## Exercise instructions
Retype only the stretch of lines that starts with the line containing "this 662×662 image." and ends with the last line of the records, both included, exactly.

Source records
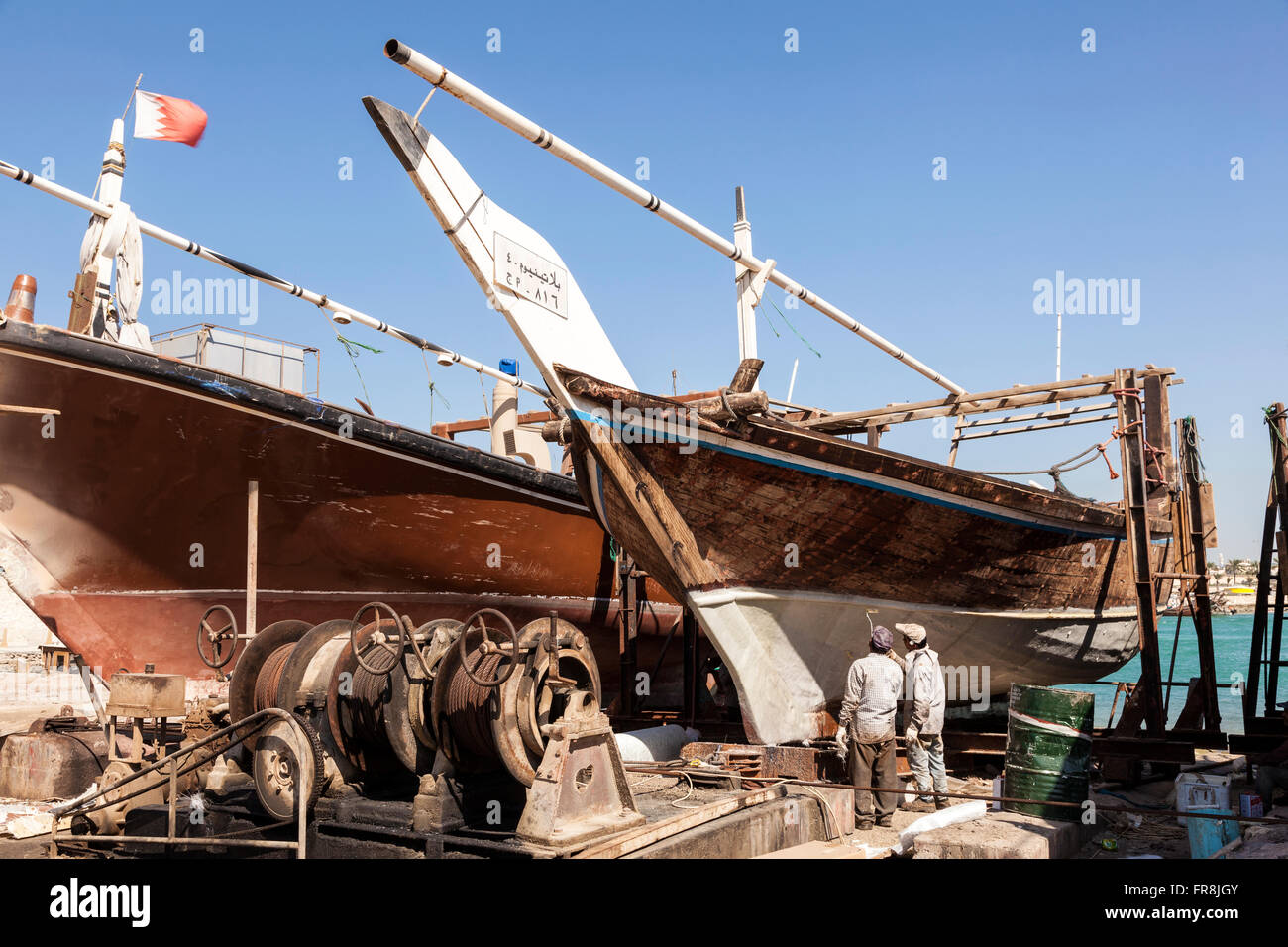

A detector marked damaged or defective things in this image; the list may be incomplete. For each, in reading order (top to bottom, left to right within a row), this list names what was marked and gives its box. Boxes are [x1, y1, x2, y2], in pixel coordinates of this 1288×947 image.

rusty machinery [212, 606, 646, 852]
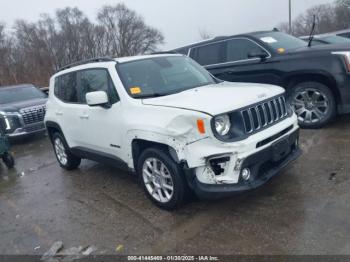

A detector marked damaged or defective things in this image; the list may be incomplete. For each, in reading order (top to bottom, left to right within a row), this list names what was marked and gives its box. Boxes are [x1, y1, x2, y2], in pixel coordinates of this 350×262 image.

crumpled front bumper [186, 129, 300, 199]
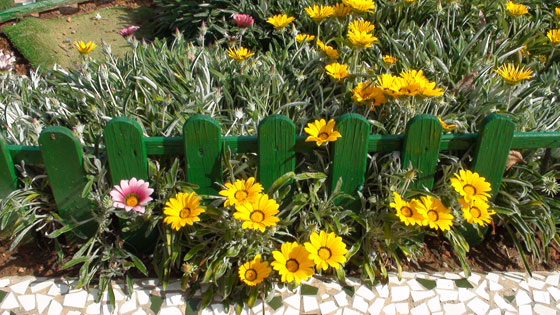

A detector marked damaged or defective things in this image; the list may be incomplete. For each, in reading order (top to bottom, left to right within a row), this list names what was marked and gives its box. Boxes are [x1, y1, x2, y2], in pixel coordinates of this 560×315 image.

broken white tile [0, 294, 19, 312]
broken white tile [16, 296, 35, 312]
broken white tile [36, 296, 52, 314]
broken white tile [63, 292, 88, 308]
broken white tile [284, 294, 302, 312]
broken white tile [352, 296, 370, 314]
broken white tile [354, 286, 376, 302]
broken white tile [368, 298, 384, 315]
broken white tile [392, 286, 410, 304]
broken white tile [468, 298, 490, 315]
broken white tile [494, 296, 516, 312]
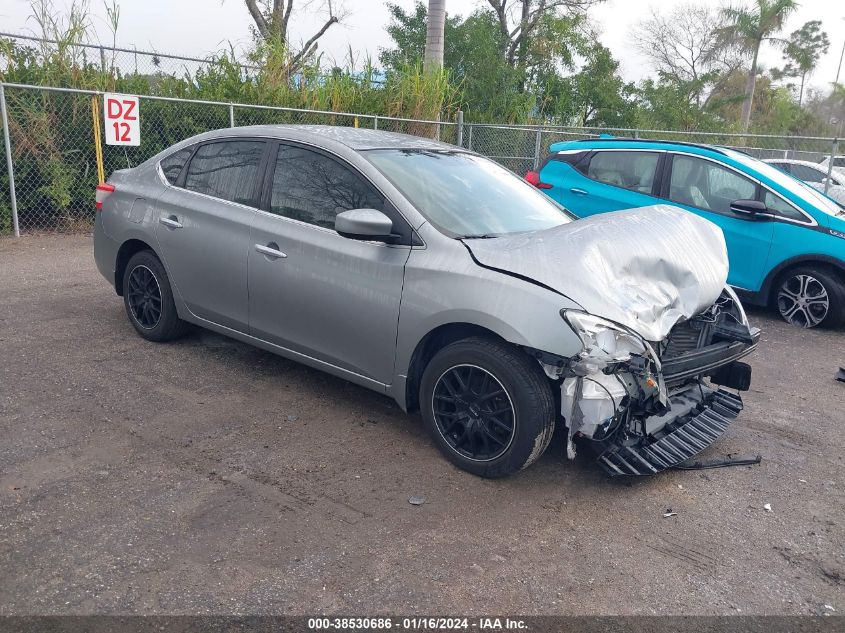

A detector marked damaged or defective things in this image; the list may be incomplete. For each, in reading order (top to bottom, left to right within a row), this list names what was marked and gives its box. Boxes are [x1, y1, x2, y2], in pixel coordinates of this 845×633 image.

severely damaged hood [464, 206, 728, 340]
broken headlight [560, 308, 648, 372]
crushed front bumper [592, 388, 740, 476]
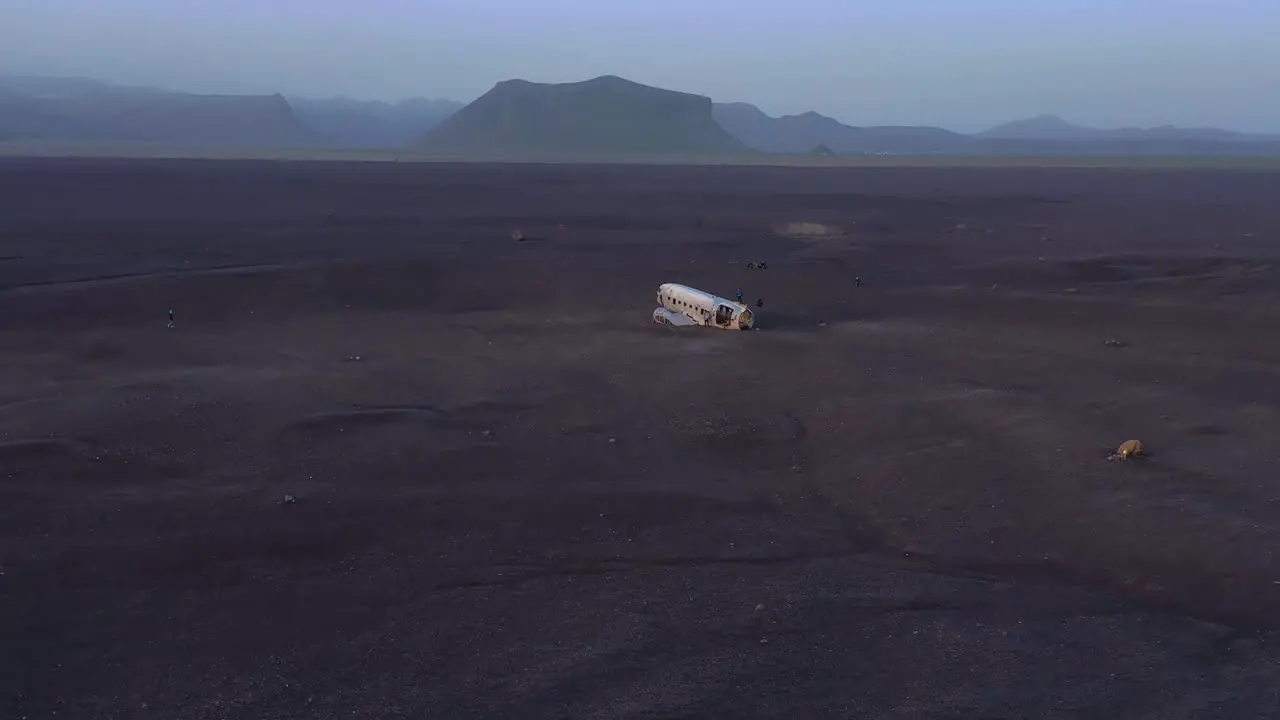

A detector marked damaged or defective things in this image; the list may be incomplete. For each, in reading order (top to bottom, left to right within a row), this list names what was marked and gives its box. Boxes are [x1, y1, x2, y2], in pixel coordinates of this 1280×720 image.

crashed dc-3 aircraft [656, 284, 756, 334]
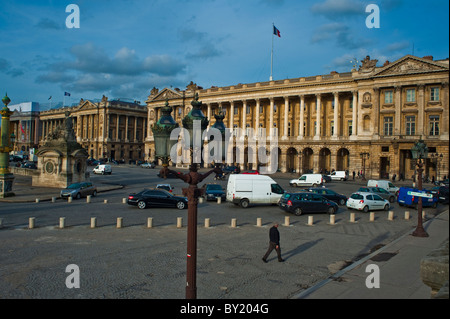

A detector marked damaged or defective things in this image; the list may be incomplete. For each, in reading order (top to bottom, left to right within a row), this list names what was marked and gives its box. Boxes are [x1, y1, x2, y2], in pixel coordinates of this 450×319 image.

rusty lamp post [156, 94, 222, 298]
rusty lamp post [412, 140, 428, 238]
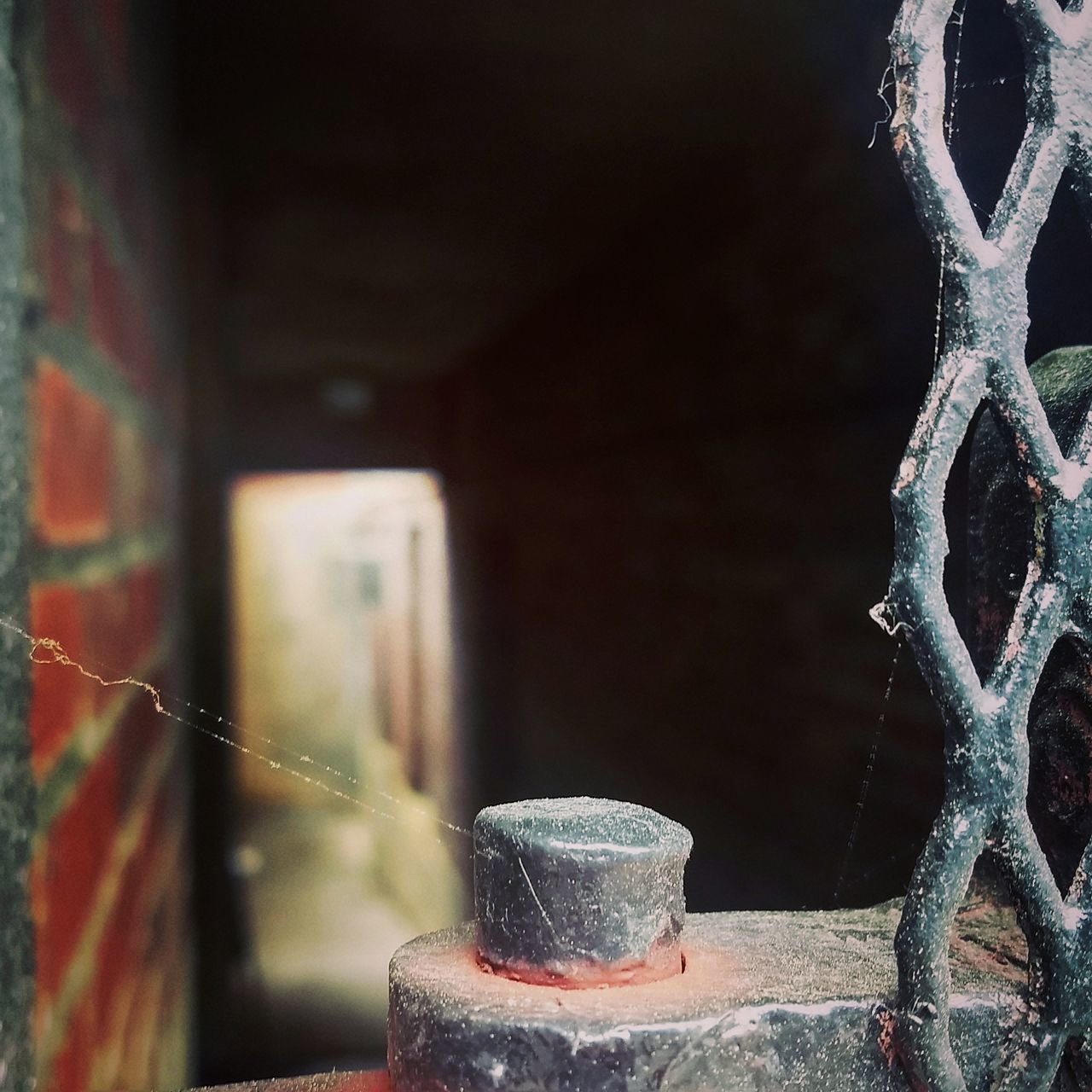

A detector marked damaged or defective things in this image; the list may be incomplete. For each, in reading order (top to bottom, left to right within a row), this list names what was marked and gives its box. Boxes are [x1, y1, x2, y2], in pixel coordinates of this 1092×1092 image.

rusty metal bolt [471, 799, 689, 983]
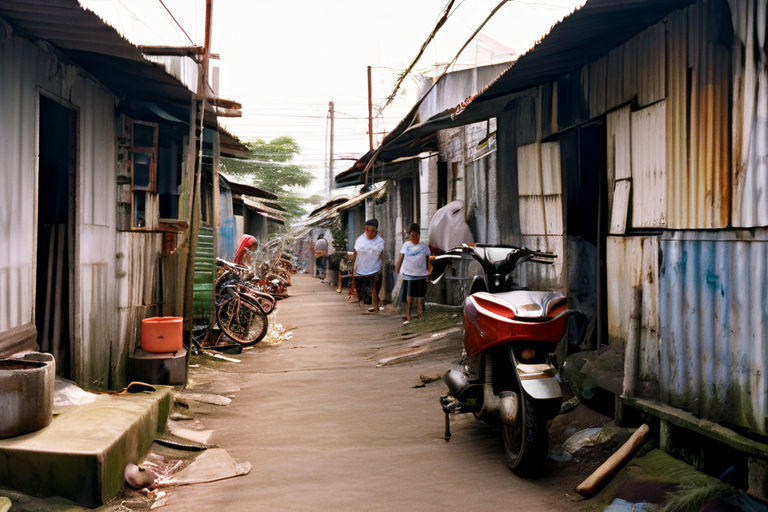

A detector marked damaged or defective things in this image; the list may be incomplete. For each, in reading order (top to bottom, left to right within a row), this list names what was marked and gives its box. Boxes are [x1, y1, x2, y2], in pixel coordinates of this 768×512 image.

rusty metal sheet [632, 101, 664, 227]
rusty metal sheet [664, 0, 732, 228]
rusty metal sheet [728, 0, 768, 226]
rusty metal sheet [608, 236, 660, 384]
rusty metal sheet [660, 232, 768, 436]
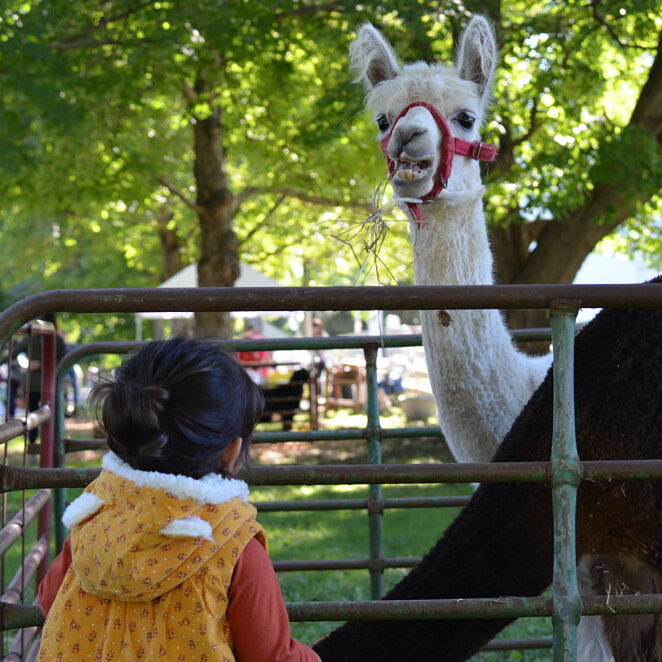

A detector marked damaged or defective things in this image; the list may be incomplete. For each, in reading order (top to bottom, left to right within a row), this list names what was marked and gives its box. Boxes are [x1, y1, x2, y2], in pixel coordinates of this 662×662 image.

rusty fence [0, 286, 660, 662]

## Response to the exercise
A detector marked damaged or defective things in this image; the list may be incomplete. For each, in reading order (top to bottom, left to right within a row), this list names what was marked and gives its box. Boxes are [x1, y1, x2, y2], in pixel coordinates of this 662×662 image.

rusty fence [0, 286, 660, 662]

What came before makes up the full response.